Start of INFORMATION SUPPLIED
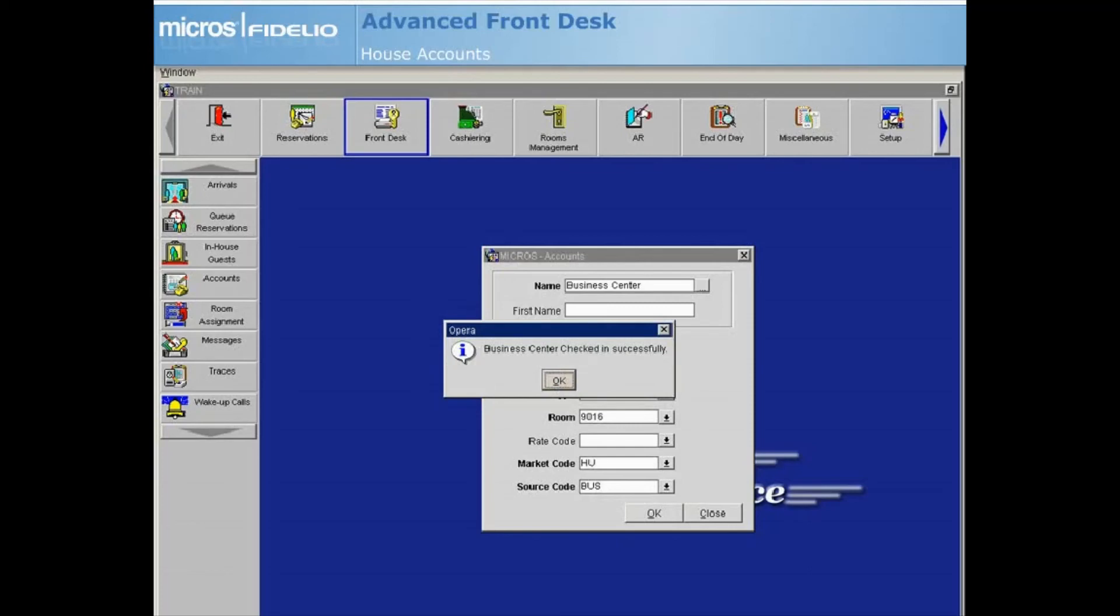You can proceed to the cashier billing screen to post charges. To learn more about posting charges, proceed to the basic cashiering course.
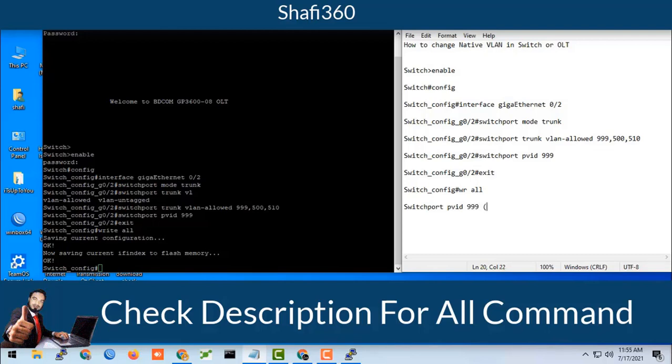You should change that native VLAN. Here I set that native VLAN switchport PVID 999. You know that PVID, that is the native VLAN. Now PVID 999 is the native VLAN of this OLT. This is the confirmation and this is the configuration. That's all.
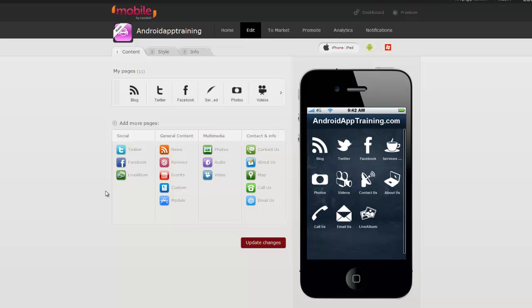Let's start working with the graphic design of our apps. So I'm here on my app editing page, and when I'm ready to do my graphic design, I need to go to tab number two called Style. I'll click on that.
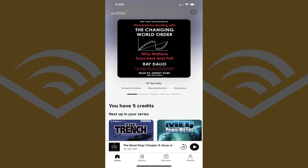Step 1. Launch the Audible app on your iPhone, iPad, or Android device. You'll land on your Audible account home screen. Step 2. Tap Library in the menu along the bottom of this screen.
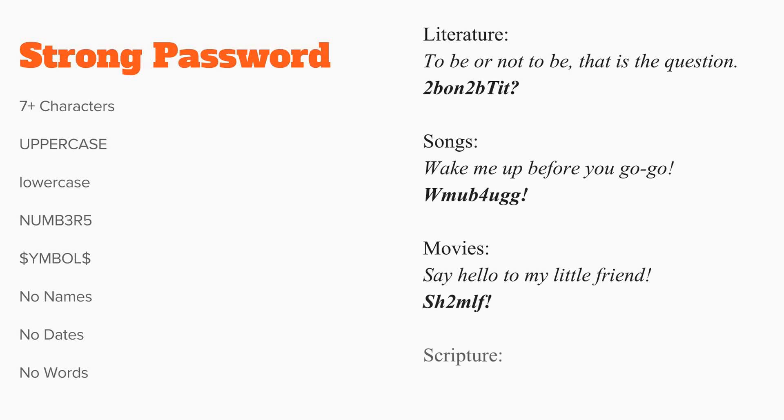Or you can use a scripture reference. For example, John 3:16.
End of INFORMATION SUPPLIED
#### EXERCISE INSTRUCTIONS
Write out all the entries again, word for word, and print no images.

#### RESULT OF THIS EXERCISE
You can proceed to the cashier billing screen to post charges. To learn more about posting charges, proceed to the basic cashiering course.
You should change that native VLAN. Here I set that native VLAN switchport PVID 999. You know that PVID, that is the native VLAN. Now PVID 999 is the native VLAN of this OLT. This is the confirmation and this is the configuration. That's all.
Let's start working with the graphic design of our apps. So I'm here on my app editing page, and when I'm ready to do my graphic design, I need to go to tab number two called Style. I'll click on that.
Step 1. Launch the Audible app on your iPhone, iPad, or Android device. You'll land on your Audible account home screen. Step 2. Tap Library in the menu along the bottom of this screen.
Or you can use a scripture reference. For example, John 3:16.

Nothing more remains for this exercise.